D'autres craignaient que l'inverse se produise, qu'il soit si facile de parler que nous ne nous laisserions jamais seuls. «Grâce au téléphone, à l'automobile et à des inventions analogues, nos voisins ont le pouvoir de transformer notre loisir en une série d'interruptions», s'est plaint un professeur américain en 1929. Et il ne pouvait certainement pas être sain de parler les uns aux autres tellement. Cela ne créerait-il pas trop d'informations?

«Nous ne serons bientôt plus que des amas de gelée transparents les uns aux autres», a gémi un écrivain londonien en 1897. D'autres ont regretté que le téléphone accélère la vie, exigeant des réactions instantanées. "L'utilisation du téléphone laisse peu de place à la réflexion", écrivait un journal britannique en 1899. "Cela n'améliore pas l'humeur, cela engendre une fébrilité dans les préoccupations ordinaires de la vie qui ne contribue pas au bonheur et au confort de la maison".
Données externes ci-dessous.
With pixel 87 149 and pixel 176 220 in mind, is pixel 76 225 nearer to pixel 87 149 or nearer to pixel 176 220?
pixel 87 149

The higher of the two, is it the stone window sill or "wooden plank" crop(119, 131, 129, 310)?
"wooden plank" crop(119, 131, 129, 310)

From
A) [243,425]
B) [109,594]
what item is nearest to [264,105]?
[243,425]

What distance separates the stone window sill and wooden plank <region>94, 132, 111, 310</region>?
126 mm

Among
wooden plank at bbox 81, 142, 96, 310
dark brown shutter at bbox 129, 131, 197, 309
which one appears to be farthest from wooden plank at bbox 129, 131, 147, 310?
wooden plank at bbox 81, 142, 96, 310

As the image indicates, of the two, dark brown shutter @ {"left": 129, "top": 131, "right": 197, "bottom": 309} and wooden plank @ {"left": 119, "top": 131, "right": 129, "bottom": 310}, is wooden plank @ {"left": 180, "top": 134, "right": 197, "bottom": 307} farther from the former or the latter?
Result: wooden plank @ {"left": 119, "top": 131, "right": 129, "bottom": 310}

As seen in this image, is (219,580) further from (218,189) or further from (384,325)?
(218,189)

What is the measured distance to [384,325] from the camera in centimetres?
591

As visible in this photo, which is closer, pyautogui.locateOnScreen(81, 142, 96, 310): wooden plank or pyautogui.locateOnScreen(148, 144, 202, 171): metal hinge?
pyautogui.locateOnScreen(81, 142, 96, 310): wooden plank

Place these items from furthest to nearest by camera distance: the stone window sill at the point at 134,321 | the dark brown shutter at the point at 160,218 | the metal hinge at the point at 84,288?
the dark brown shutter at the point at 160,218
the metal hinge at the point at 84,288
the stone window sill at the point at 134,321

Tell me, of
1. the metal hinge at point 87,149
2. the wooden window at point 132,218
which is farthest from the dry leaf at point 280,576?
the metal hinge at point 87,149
La chose la plus étrange était peut-être d'être dans la pièce pendant qu'un ami parlait à quelqu'un d'autre, quelqu'un à l'extérieur de la pièce. En 1880, Mark Twain écrivit «Une conversation téléphonique», transcrivant la demi-conversation alors qu'il écoutait sa femme au téléphone. Pour l'observateur, comme le soulignait le sketch, un appel téléphonique ressemblait à un non-sens disjoint. Même les compagnies de téléphone s'inquiétaient de savoir si le terminal créait de nouvelles formes de comportement grossier; une publicité de 1910 sur Bell annonçant «Dr. Jekyll et M. Hyde au téléphone.

En substance, le téléphone était un appareil de téléportation, amenant d'autres personnes - y compris, étrangement, des inconnus - dans la maison. Les jeunes femmes, certaines frettées, couraient un risque romantique. "Le troubadour à sérénade peut désormais battre sa guitare lancinante avant l'émetteur, sans être dérangé par les appréhensions des fusils de chasse et des taureaux", a noté un article de magazine dans Electrical World . Les arnaqueurs ont adoré le téléphone.
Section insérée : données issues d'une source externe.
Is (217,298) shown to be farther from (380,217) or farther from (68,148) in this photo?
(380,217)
«Cela a changé les idées des gens sur la confiance sociale», note Carolyn Marvin, professeure à la Annenberg School for Communication et auteur de When Old Technologies Were New . Nous ne pouvions plus lire quelqu'un basé sur des indices sociaux en face à face.

En effet, certains pensaient que le téléphone améliorait notre comportement social, car il obligeait un auditeur à faire plus attention à un orateur. Dépourvu de signaux visuels, nous devons être «à toute heure et de mémoire», écrivait un expert en 1915: «L'esprit ne peut pas errer». De plus, en supprimant la distance, le téléphone ne réduirait-il pas les malentendus? La guerre, même? «Un jour, nous construirons un système téléphonique mondial qui obligera tous les peuples à utiliser un langage commun, ou une compréhension commune des langues, qui réunira tous les peuples de la terre dans une fraternité», a lancé John J. Carty, responsable d'AT & T. ingénieur, en 1907.
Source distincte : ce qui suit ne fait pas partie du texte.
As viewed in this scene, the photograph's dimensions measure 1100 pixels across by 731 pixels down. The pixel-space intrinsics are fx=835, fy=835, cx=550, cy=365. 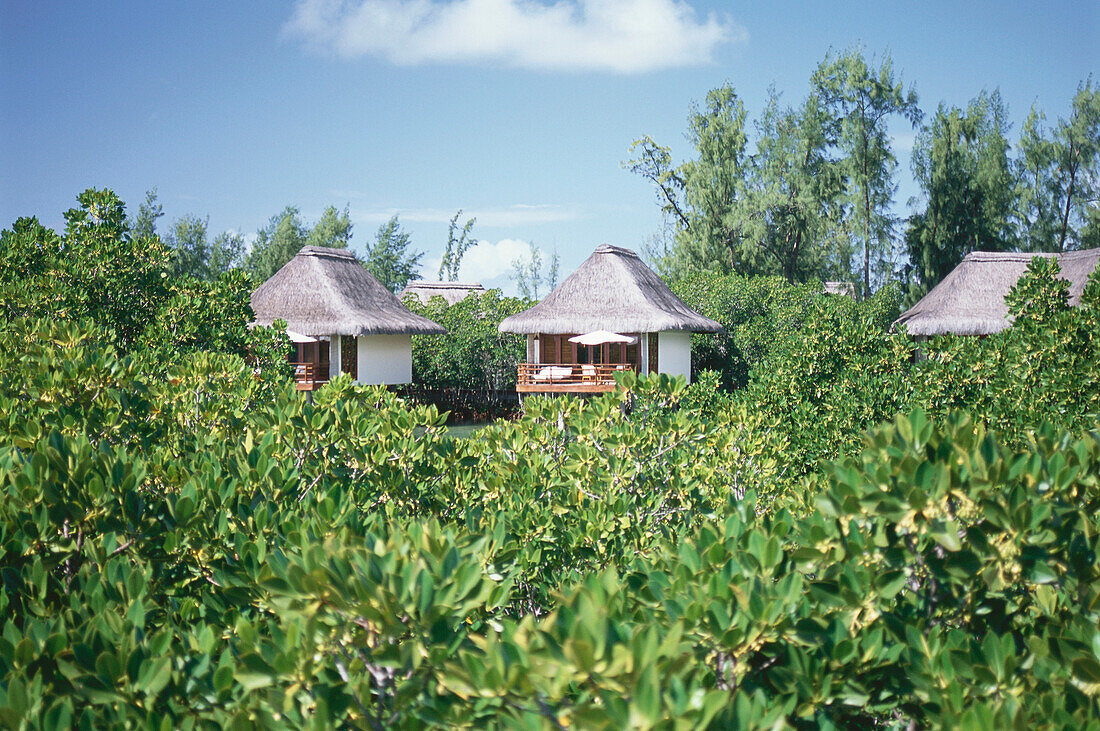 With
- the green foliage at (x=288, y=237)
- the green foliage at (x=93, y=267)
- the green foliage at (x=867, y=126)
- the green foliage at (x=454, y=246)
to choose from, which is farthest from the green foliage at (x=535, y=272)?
the green foliage at (x=93, y=267)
Bien entendu, ces vues utopiques étaient extrêmement optimistes. Cependant, comme le note Fischer, les vues sombres des pessimistes ne se sont pas réalisées non plus. Même Emily Post, l'expert en étiquette, est venue au téléphone. Dans les années 1920, elle avait accepté «Bonjour» comme message d'accueil approprié et avait même pensé qu'il était acceptable d'inviter quelqu'un à dîner avec un appel. "Une coutume qui a changé de nombreuses manières et manières a enlevé tout l'opprobre du message", elle haussa les épaules.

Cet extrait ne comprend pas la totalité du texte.